Do you call variables using this.name, name or getName() inside your
class instance ?
this is used to refer to the current object. If there are conflicting variable names and you want to distinguish between the object variable and local variable then use this.
Also you seems to be confused about primitives and Wrapper classes. Wrapper classes provides utilities methods and are of use especially working with collections.
If you need to work with the primitive data types then you should use them, e.g., int, double, char, float, etc. The only exception is String which in Java is a special class that represents a char array and also holds instance methods.

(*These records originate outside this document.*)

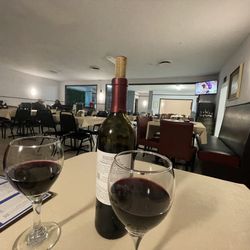Joes Italian Restaurant - Dining room.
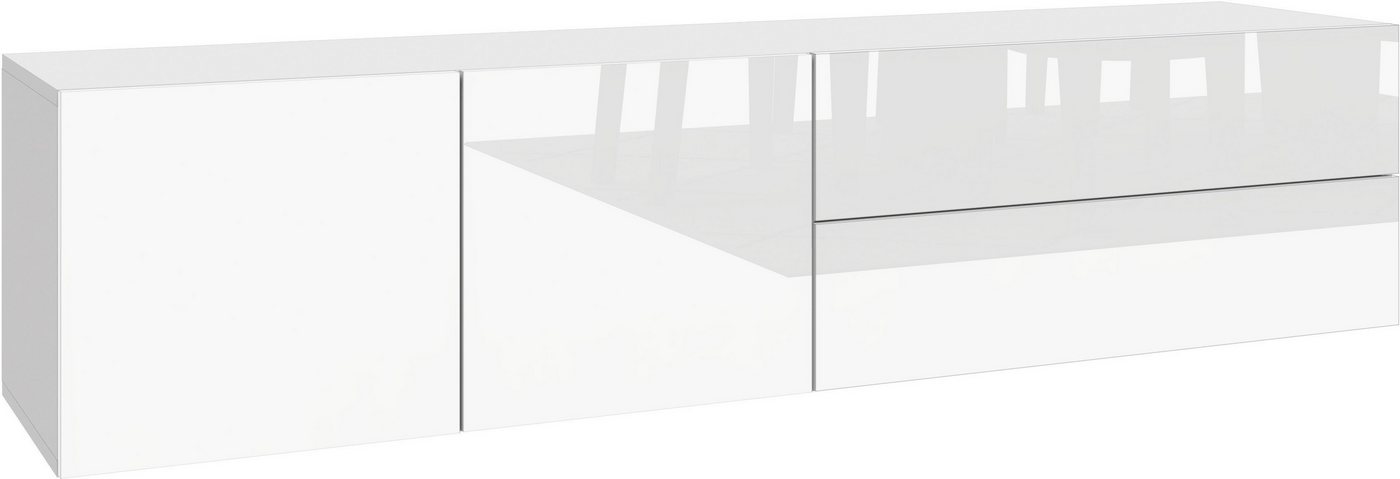 borchardt Möbel Lowboard Sophia, TV-Schrank Breite 152 cm, Breite 152 cm, hängend montierbar – Bild 2 von 5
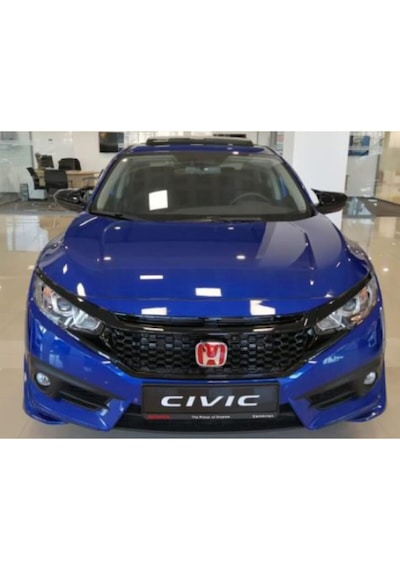 Batman Honda Civic Fc5 Yarasa Ayna Kapağı Parlak Siyah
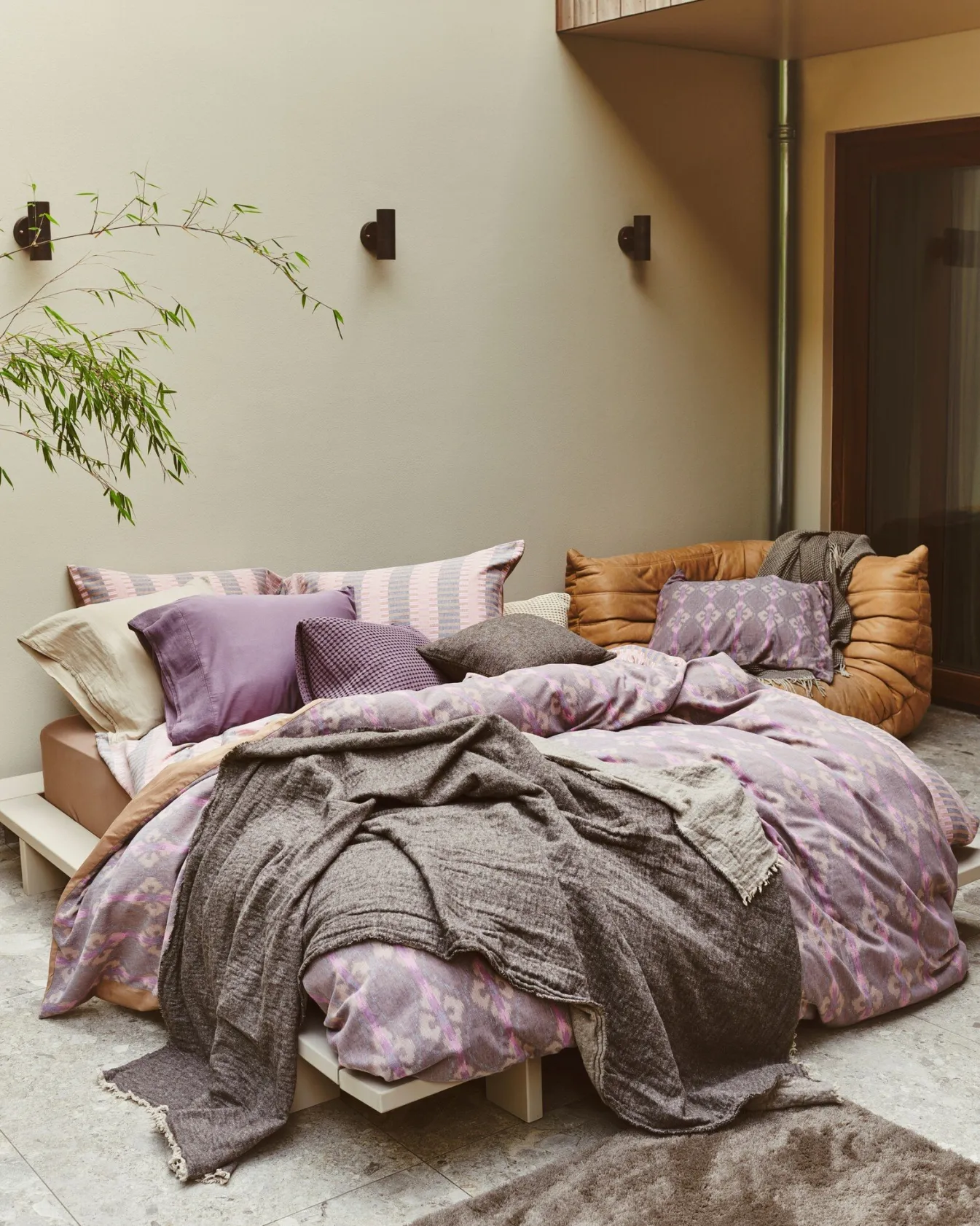 Best Bath & Living Vandyck Duvet cover PURE 74 multicolor 240x220 cm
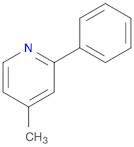 Pyridine, 4-methyl-2-phenyl-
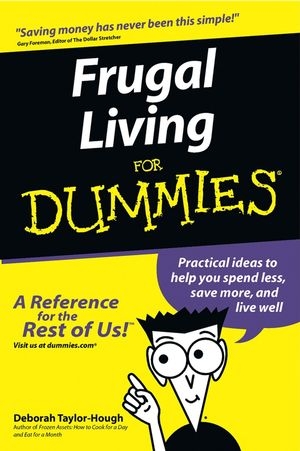 Frugal Living For Dummies -  Deborah Taylor-Hough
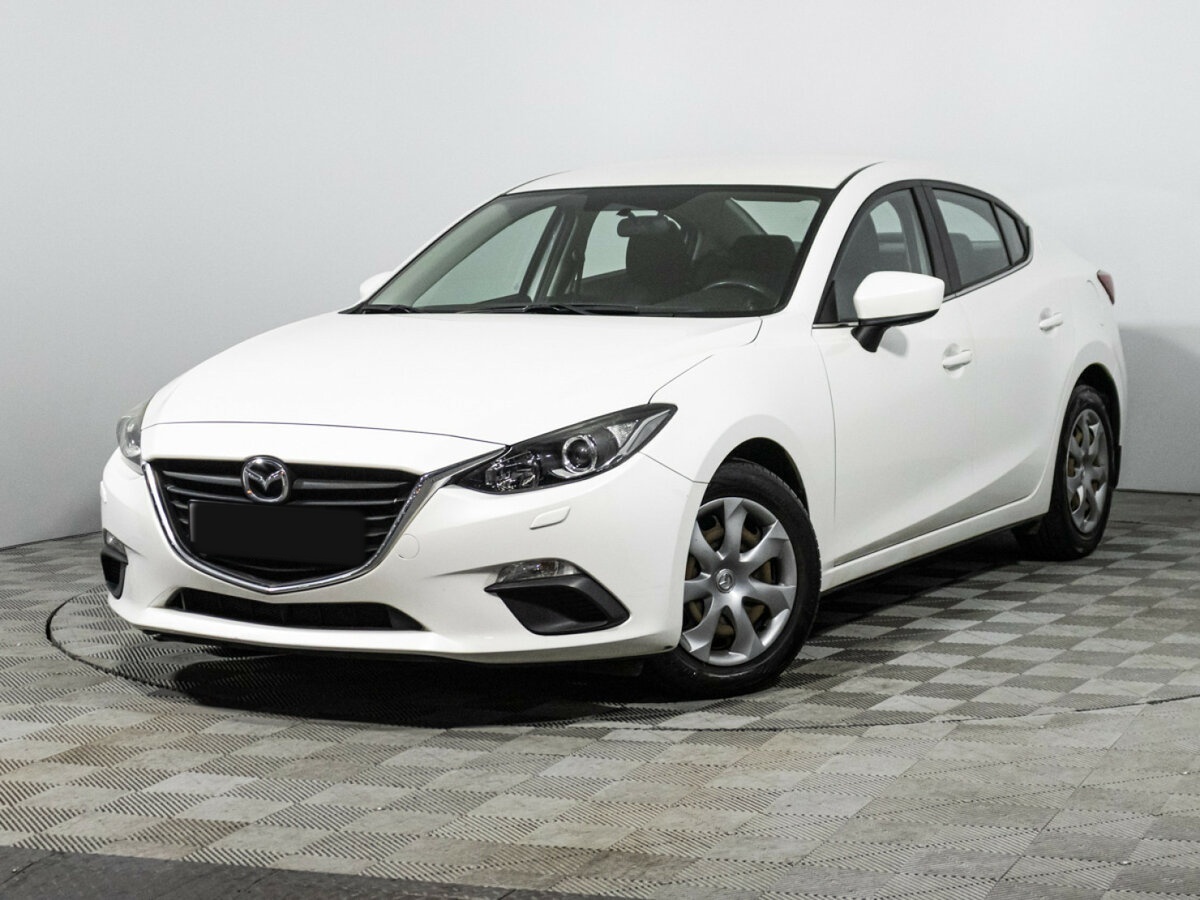 Mazda 3 б/у, 2014, Механическая. Посмотреть фото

The case with Integer vs int, is when you need to use Integer methods (http://docs.oracle.com/javase/1.5.0/docs/api/java/lang/Integer.html). But if you only need a data type to hold your value then choose int.
Do you always pass Object or can you pass primitive data type ?
public int someMethod(boolean first) { // Boolean ? boolean ?
}
In the following example, you can pass boolean and Boolean with the same success. In Java this is called Autoboxing.
N.B. Be careful, because when passing an object it may be null!
Do you call variables using this.name, name or getName() inside your
class instance ?
Depends. If name is an class member variable, you can access it with name if there isn't any other variable in the current scope that has the same name. In this case you should use this.name to point exactly to the class member variable. getName() may be used, as well. It's just a matter of style.
I keep it simple. I'm using name, but if I have a local variable with the same name I must use this.name (my prefered solution) over getName().
getName() must be used if it do some logic like validation.
Do you always pass Object or can you pass primitive data type ?
It depends on your application and your needs. If you pass a reference to an object, you are able to use the methods of the related type which may be more secure and portable. Let say you are using the class Double. Double has many peer-reviewed and tested methods which may be helpful to you.If you prefer to use primitive type, double, you need to be careful in your manipulations like comparing, validating etc.
For performance issue, you may check a previous discussion below:
Why do people still use primitive types in Java?
Do you call variables using this.name, name or getName() inside your class instance ?
I prefer using this when I refer a class member because i think it will be helpful for others reading my code to understand that the variable is a class member.
Finally, whatever style you prefer, I think you should stick to it in your applications.
Do you call variables using this.name, name or getName() inside your class instance ?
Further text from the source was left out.